Audited Docker/OpenClaw rollout blockers and started hardening managed LLM credit billing with a full flow audit plus atomic/idempotent DB migration.

Dev Log - March 2, 2026

Docker image state and expected package version

  • Confirmed infrastructure/docker/Dockerfile is pinned to openclaw@2026.2.26 (RUN npm install -g openclaw@2026.2.26), so the intended container baseline is already set in source.
  • Confirmed recent infra commits touching Docker startup/runtime behavior were already present before this run:
    • 1f5f1c82 (infrastructure/docker/Dockerfile, infrastructure/docker/start.sh)
    • 2173e061 (infrastructure/docker/start.sh)
  • Verified this incident is not caused by a missing version pin in the Dockerfile.
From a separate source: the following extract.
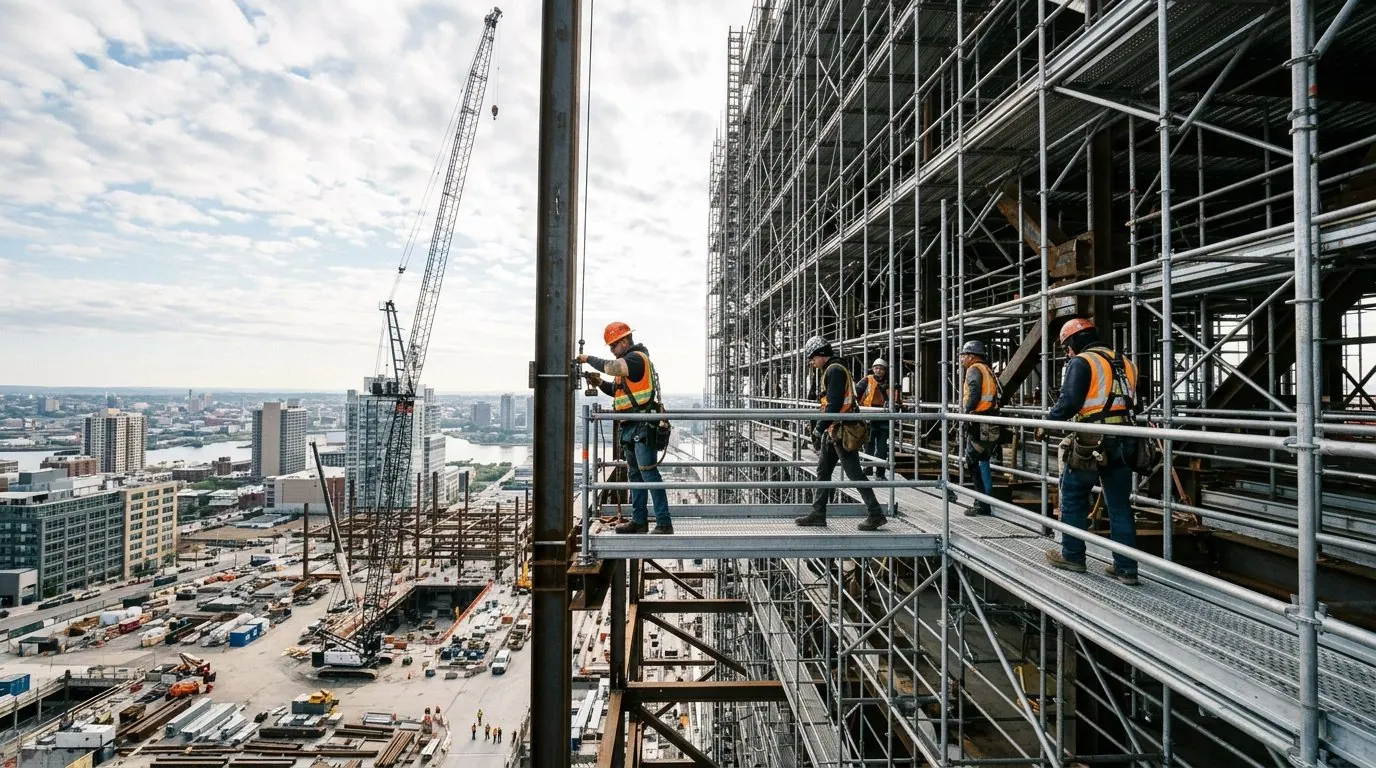 Trabalhadores em andaimes altos de uma obra industrial sob risco de queda no trabalho em altura. Vista panorâmica.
Build and deploy attempts executed

  • Ran ./infrastructure/fly/build-and-deploy.sh:
    • OpenClaw config contract tests passed.
    • Local Docker build completed.
    • Registry push repeatedly stalled on a single layer retry loop, preventing a clean rollout completion.
  • Ran flyctl deploy --remote-only (from Docker context):
    • Remote build progressed and compiled openclaw@2026.2.26.
    • Export/publish failed with unauthenticated: Invalid token from Fly/Depot path.
  • Attempted explicit machine updates to registry.fly.io/hexly-sandboxes:latest; update calls succeeded, but latest still resolved to an older runtime for at least one target machine.

Machine-level rollout results (requested IDs)

  • 890490a6d27338:
    • Verified openclaw --version = 2026.2.26 (updated and healthy).
  • 78460ddb445428:
    • Repeated install attempts were unstable due to interrupted/stalled global npm installation behavior.
    • After restarts and rechecks, final verified openclaw --version remained 2026.2.15.
    • Observed partial package states during retries (missing openclaw.mjs during interrupted install windows), which explains transient “cannot run commands” behavior.
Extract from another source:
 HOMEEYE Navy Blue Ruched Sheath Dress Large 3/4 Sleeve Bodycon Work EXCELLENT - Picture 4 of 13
Operational diagnosis recorded

  • Root blocker is release-path reliability, not source config:
    • Local push path: layer retry loops while publishing to Fly registry.
    • Remote path: Depot/Fly auth token issue during export.
  • Because new image publication is unreliable, machine updates from :latest can still pull an older working image, producing mixed OpenClaw versions across instances.
  • Tool availability symptoms (“cannot fetch websites”, “cannot run commands”, env usage inconsistency) can appear when machines run mixed runtime states or partially-installed CLI binaries.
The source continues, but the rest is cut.